WHAT TO PRODUCE: Starting with the line containing "Edificio Mansao M. Bonani — foto 4" and going on through the line containing "Hotel Thalassa Sousse Foto 2", return the lines of the data below exactly, and only those.

DATA PROVIDED:
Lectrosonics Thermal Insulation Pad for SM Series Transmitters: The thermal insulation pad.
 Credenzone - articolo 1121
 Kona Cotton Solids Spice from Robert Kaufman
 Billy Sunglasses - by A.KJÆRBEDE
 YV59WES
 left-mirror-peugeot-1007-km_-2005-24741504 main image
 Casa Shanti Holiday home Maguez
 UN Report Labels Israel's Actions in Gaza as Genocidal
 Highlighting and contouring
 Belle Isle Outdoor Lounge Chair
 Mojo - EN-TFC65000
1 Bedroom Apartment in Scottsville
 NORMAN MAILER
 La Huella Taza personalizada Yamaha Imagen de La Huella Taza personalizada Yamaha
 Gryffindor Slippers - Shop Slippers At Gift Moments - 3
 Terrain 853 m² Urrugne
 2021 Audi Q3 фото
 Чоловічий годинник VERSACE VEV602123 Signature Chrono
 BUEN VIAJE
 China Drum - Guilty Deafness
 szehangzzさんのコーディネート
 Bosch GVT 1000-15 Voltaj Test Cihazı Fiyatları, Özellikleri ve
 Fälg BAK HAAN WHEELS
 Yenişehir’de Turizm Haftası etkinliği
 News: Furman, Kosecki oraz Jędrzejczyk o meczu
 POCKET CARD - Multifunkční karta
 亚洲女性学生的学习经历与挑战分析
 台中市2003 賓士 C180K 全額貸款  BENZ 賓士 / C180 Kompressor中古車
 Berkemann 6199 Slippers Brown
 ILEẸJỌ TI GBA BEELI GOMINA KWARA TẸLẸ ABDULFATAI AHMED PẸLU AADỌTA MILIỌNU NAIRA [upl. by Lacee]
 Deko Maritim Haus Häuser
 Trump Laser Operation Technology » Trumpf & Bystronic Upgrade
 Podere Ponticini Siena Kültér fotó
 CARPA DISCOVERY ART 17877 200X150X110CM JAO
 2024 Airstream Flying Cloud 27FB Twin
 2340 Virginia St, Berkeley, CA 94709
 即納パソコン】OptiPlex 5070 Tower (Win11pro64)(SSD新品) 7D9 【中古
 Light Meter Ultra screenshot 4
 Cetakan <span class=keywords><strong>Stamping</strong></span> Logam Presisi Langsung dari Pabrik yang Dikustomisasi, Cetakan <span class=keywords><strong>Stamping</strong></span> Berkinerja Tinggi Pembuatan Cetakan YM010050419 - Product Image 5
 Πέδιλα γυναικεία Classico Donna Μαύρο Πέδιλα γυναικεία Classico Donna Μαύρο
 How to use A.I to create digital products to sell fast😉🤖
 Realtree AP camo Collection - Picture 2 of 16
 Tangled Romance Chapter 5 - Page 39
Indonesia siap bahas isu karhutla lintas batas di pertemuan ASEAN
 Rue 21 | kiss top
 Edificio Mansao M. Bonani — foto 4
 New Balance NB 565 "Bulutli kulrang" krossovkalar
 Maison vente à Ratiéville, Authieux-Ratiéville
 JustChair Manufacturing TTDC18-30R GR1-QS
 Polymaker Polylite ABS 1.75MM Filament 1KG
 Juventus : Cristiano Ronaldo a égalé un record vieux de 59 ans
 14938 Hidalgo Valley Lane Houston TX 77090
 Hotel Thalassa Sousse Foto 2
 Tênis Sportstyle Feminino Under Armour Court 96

RESPONSE FOR THIS EXERCISE:
 Edificio Mansao M. Bonani — foto 4
 New Balance NB 565 "Bulutli kulrang" krossovkalar
 Maison vente à Ratiéville, Authieux-Ratiéville
 JustChair Manufacturing TTDC18-30R GR1-QS
 Polymaker Polylite ABS 1.75MM Filament 1KG
 Juventus : Cristiano Ronaldo a égalé un record vieux de 59 ans
 14938 Hidalgo Valley Lane Houston TX 77090
 Hotel Thalassa Sousse Foto 2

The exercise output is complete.